Or are they going somewhere else?
They're searching for like news about fill in the blank, some kind of alt coin or something
like that.
news about Huck Toos Girls coin or whatever like the thing of the day is.
And then it's redirected to their website because they're so good at their content strategy
and they just overwhelm the kind of topic of the day and traffic finds its way to them.
Does that make sense?
I'm not one in that person, but.
Yeah.
Well, I think it's the same game that people are playing when they play the market, right?
and they're signing up for these newsletters,
they're going to market beat.
They're trying to look for alpha, right?
They're trying to look for an edge
where they can go trade on that.
And the same exact thing is happening here.
And I bet over time,
if you're an all in one kind of source for somebody,
they come to you for,
hey, what's happening in crypto today?
Where can I find my next trading opportunity
where I'm going to make money
via investing or day trading or whatever,
some combination there.
So I would be willing to bet
that the completeness here
of how wide it tries to cover the entire crypto market
is a moat for the business, right?
You're going to get a lot of repeat customers
because they're coming back
trying to play the video game of investing for them every single day.
Is this the authoritative site?
Do we think so?
Or is this, you know, one of a few?
They say top 10.
Yeah, top 10 is more than a few.
So that's, I guess, I'd want to know
where do you rank in the 10?
Because if you're lower,
if you're below 5,
even below four, I think, you're not in the top three. I feel like it's a vulnerable business
because somebody else can sort of become the authority website and everybody else just becomes
the secondary lower tier. Yeah, I think if you think about the parallel of what's happened in
the financial markets, you've got to assume that would probably happen here. And for conventional
markets, there's a big fragmentation and segmentation around that. I bet they segment around the
types of investors you're getting. You got the 75-year-old dentist and then you got the retired
dentist and then you got the 40-year-old degenerate gambler, you know, who's buying and sell on
crypto tokens to try to make money and everything in between. So that'd be my suspicion of it.
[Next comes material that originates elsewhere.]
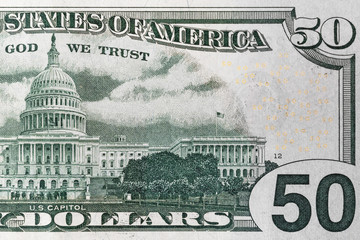 back side of 50 dollar bill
I bet I don't think there's going to be a New York Times of this that, you know, becomes the two
or three that dominate everything and nothing else matters. I bet it niches down and I bet you each one
of these has a personality they go after. That's my guess.
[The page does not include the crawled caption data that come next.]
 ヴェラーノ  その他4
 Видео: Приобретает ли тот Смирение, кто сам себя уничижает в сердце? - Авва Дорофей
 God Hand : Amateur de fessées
sense. I think there's a lot about this business that is figure outable. Yeah. Like there's tools online
where you can analyze website traffic data. I'm just not used to doing it. But if this is a space that
you know, you're using the tools you already know about. You're checking their traffic. You're
checking sources. You're checking, you know, how people are actually coming to that page. And you
could figure out where does this, where does this business actually rank in kind of the list of, you know,
of news sources. And then to your point, Heather, quality of revenue matters because if it's all ad
driven and they talk about this growing newswire business, but it's out of the $6 million in revenue,
it's only doing $100,000, but it's growing a lot. Like what's the ceiling? What's the cap for that?
Right. Right. And 45 people, a lot of people, you know, given the margin here, I think these 45
people must be over, you know, offshore contractors. They only based. They stay the business is home based.
think they have an office? Yeah, so these are contractors, probably.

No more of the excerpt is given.